Realtors estimate 45 percent of existing home sales are now foreclosures and other distressed properties.

Many in the real estate industry are counting on an $8,000 tax credit for first-time homebuyers as their best hope for boosting flagging sales. That incentive was included in the economic stimulus package signed by President Barack Obama earlier this year.

Environmental group fights subpoena on legislation leak

Washington (AP) — The National Wildlife Federation on Tuesday challenged a government subpoena aimed at finding out who leaked the Bush administration’s plans to weaken the Endangered Species Act just weeks before President Barack Obama took office.

In a letter to the office of the Commerce Department inspector general, the federation argued the demand for some of the private group’s records violates First Amendment rights to free speech and freedom of association.

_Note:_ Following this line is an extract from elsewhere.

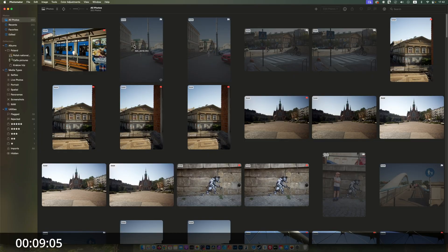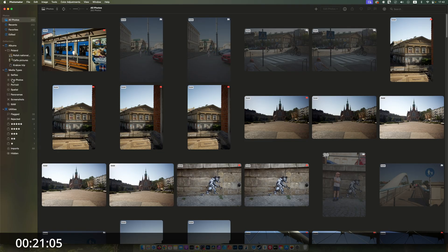When you work with photos in Photomator you have two ways of importing your images. Either you go through Photos, where you can work with albums, create folders, organize them in catalogs, and you also have media types, utilities like the flag, rejected ones, and the five-star rating.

A subpoena from Inspector General Todd Zinser seeks documents that would identify who leaked draft environmental rules to the federation last summer.

Lawyers representing the federation are offering to meet with the IG’s office to discuss the environmental group’s objections. If the IG refuses to withdraw the subpoena, the dispute would head to federal court.

John Kostyack, executive director of wildlife conservation and global warming at the federation, said a “whistle-blower” sent him the draft regulation, which enables federal agencies to decide for themselves whether highways, dams, mines and other construction projects might harm endangered animals and plants.

On March 3, Obama put the Bush regulation on hold until the Interior and Commerce departments complete a review.